[SUPPLIED DATA — start]

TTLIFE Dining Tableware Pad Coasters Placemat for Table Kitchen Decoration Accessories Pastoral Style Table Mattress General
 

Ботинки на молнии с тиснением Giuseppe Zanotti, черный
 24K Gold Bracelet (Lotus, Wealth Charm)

[SUPPLIED DATA — finish]

- YOUR ASSIGNMENT: Give the full listing above again, exactly as it was presented.

- COMPLETED EXERCISE:
TTLIFE Dining Tableware Pad Coasters Placemat for Table Kitchen Decoration Accessories Pastoral Style Table Mattress General
 

Ботинки на молнии с тиснением Giuseppe Zanotti, черный
 24K Gold Bracelet (Lotus, Wealth Charm)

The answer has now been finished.